For the first time in a couple years, I am actually excited about Christmas.

I am excited to get to spend Christmas Eve with the girls and Mark's family. I love our new tree. I am enjoying making new traditions and memories with my own family. We made 27.5 dozen cookies (in 2 days...on very little sleep). We saw the lights at the zoo.  We picked out outfits for Christmas Eve. I am looking forward to seeing my family in Toledo. I am looking forward to some time off work. I have enjoyed the hunt for the perfect Christmas gifts. I have even loved wrapping the presents (even though I am horrible at it). Even when I have wanted to strangle the girls, I have looked forward to making our first Christmas in our new place one they will enjoy and hopefully remember.
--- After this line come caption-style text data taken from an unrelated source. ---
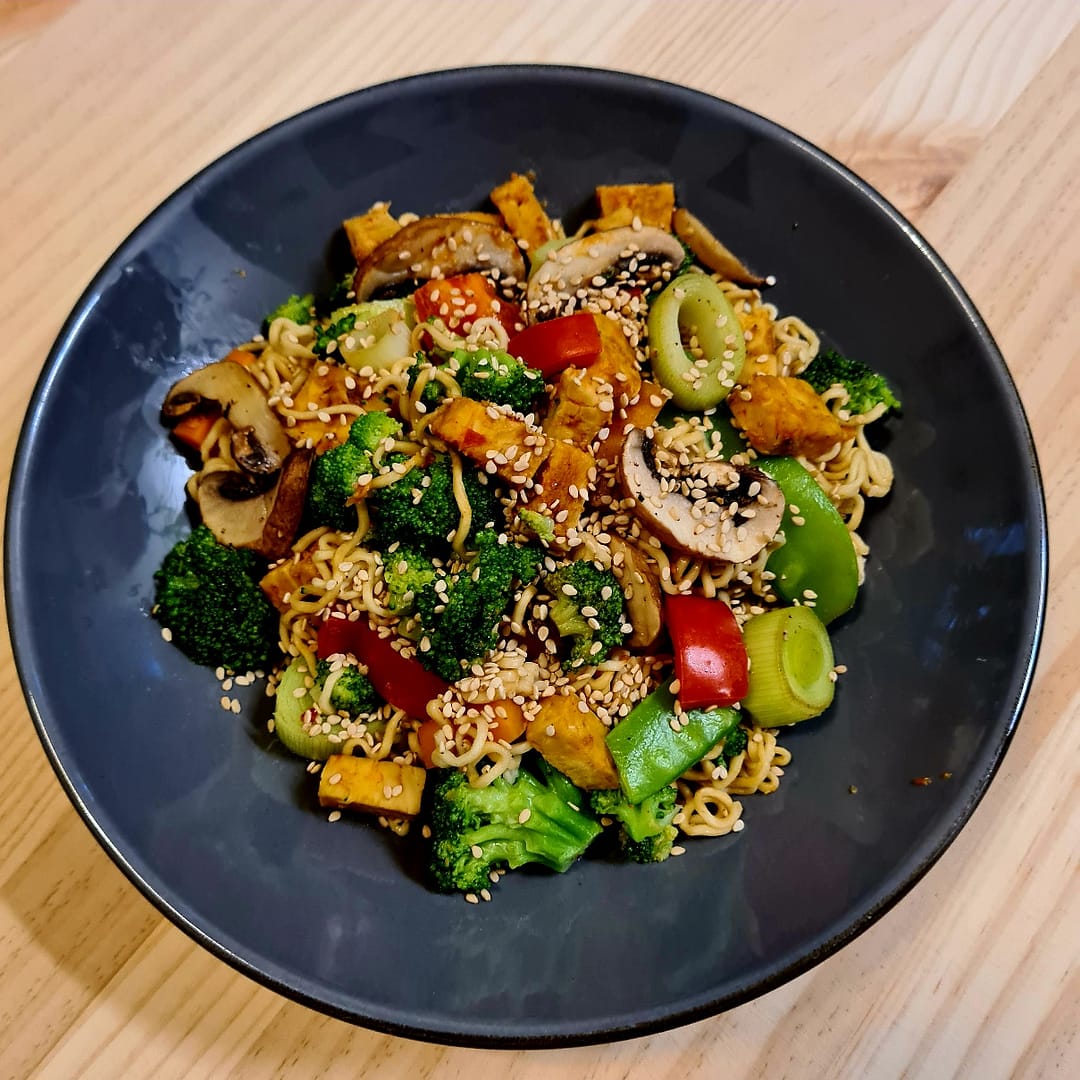 Vegetarisches Bami Goreng mit Brokkoli und Tempeh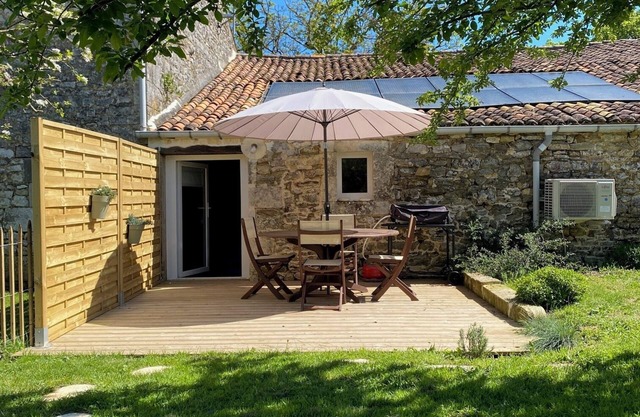 Au Calme de la Campagne, à 10mn de Saintes et 20mn de Royan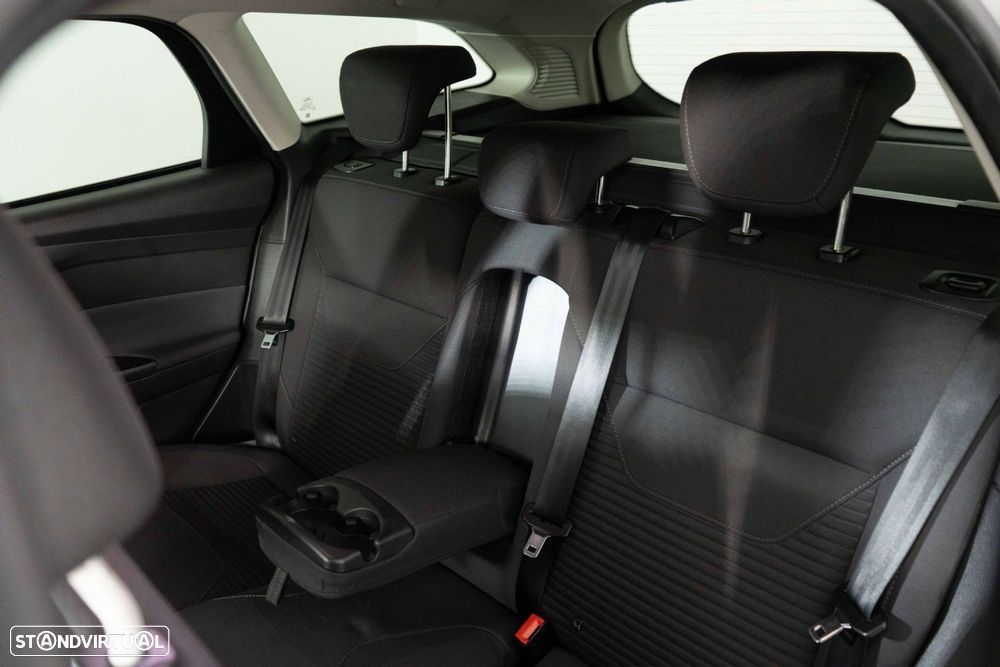 Ford Focus SW 1.0 EcoBoost Titanium - 11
At the same time, there is still a sadness. It is another year that I do not have parents to go home to. Another year that the 2 people that made my Christmases happy, won't be there to share in the fun. It isn't the same without them. It means another year of praying that no one asks about my parents, and pretending like it doesn't hurt when they do.There is the anger that Mark and the girls will never get to enjoy a Christmas with my parents. It is trying to not show how jealous I am of those who still have their parents to celebrate with. I have needed them so much in the past year, and this is just another moment where I really miss them. It is the childish "it is not fair" that I feel when instead of getting to go to my parents' house, I have to go to the cemetery.

It is a very mixed bag of emotions. I am happy, and I really am excited for the holiday. Still, it makes me sad.